FTX founder Sam Bankman-Fried was found guilty last week by a jury of peers in just a few short hours, but the fallen crypto king's saga is far from over.
So what could be next for Sam Bankman-Fried? FOX Business spoke with former Assistant U.S. Attorney Kevin J. O'Brien about what to expect.
For starters, Bankman-Fried remains incarcerated after having his $250 million bail revoked ahead of his trial for allegedly tampering with witnesses who were set to testify against him. Now that the trial is over, the former CEO's defense team may try to get him released from jail until his March 28, 2024, sentencing date.
O'Brien says it is likely Bankman-Fried will remain behind bars until that time, telling FOX Business, "I don't think they're going to let him out."

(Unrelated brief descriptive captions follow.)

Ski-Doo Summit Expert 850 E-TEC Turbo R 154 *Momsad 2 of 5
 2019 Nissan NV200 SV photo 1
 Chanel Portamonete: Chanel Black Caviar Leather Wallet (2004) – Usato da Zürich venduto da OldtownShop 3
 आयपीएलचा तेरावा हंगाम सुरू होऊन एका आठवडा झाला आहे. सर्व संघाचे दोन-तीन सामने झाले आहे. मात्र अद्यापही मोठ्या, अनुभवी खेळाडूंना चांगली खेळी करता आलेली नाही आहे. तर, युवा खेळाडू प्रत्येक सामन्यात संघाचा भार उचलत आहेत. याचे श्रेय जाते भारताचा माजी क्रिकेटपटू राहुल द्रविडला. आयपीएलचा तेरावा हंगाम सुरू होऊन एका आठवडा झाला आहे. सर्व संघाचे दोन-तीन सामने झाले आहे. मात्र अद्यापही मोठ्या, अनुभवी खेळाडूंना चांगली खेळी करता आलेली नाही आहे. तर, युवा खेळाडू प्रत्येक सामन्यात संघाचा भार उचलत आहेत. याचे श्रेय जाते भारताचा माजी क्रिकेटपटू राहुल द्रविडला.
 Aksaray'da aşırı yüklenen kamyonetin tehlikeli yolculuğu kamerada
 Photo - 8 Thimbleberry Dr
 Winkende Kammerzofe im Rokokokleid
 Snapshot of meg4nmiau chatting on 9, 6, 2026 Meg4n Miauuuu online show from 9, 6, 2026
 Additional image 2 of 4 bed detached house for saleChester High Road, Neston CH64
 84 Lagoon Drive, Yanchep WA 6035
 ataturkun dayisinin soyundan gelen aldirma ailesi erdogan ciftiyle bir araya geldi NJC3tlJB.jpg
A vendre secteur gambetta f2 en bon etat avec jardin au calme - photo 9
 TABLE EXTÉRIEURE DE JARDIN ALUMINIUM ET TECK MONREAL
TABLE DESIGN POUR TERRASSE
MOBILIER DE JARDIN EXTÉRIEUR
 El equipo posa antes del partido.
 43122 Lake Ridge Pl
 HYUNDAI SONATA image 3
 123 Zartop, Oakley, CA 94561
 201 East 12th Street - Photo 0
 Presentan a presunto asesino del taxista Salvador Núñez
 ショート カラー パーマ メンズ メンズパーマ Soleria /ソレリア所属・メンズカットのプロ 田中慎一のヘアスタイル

He explained that in an ordinary case, if someone is not already in jail when convicted in a criminal trial, they will be put behind bars to await trial unless there is a significant issue on appeal – which O'Brien does not believe Bankman-Fried has.
The attorney, who specializes in white-collar criminal defense in New York City, said Bankman-Fried's lawyers do have one argument for getting their client released, which is that the reason for having him behind bars in the first place was not that he was a flight risk but that he was allegedly tampering with potential witnesses. With the conviction, that reasoning is no longer applicable.
However, with Bankman-Fried facing a second trial starting the same month as his sentencing, it is most likely the judge overseeing the trial, U.S. District Judge Lewis Kaplan, will not allow him to make bail based on the same rationale that was used to incarcerate him in the first place.
Bankman-Fried's defense team may try to appeal the verdict, but O'Brien does not believe such an effort would be successful.
"I don't think there's a compelling issue on appeal that's going to be on the horizon here," he said.
O'Brien said he could not point to anything that happened during the trial "that would create a significant material issue on appeal that would justify reversal and remand or dismissal, depending on the argument."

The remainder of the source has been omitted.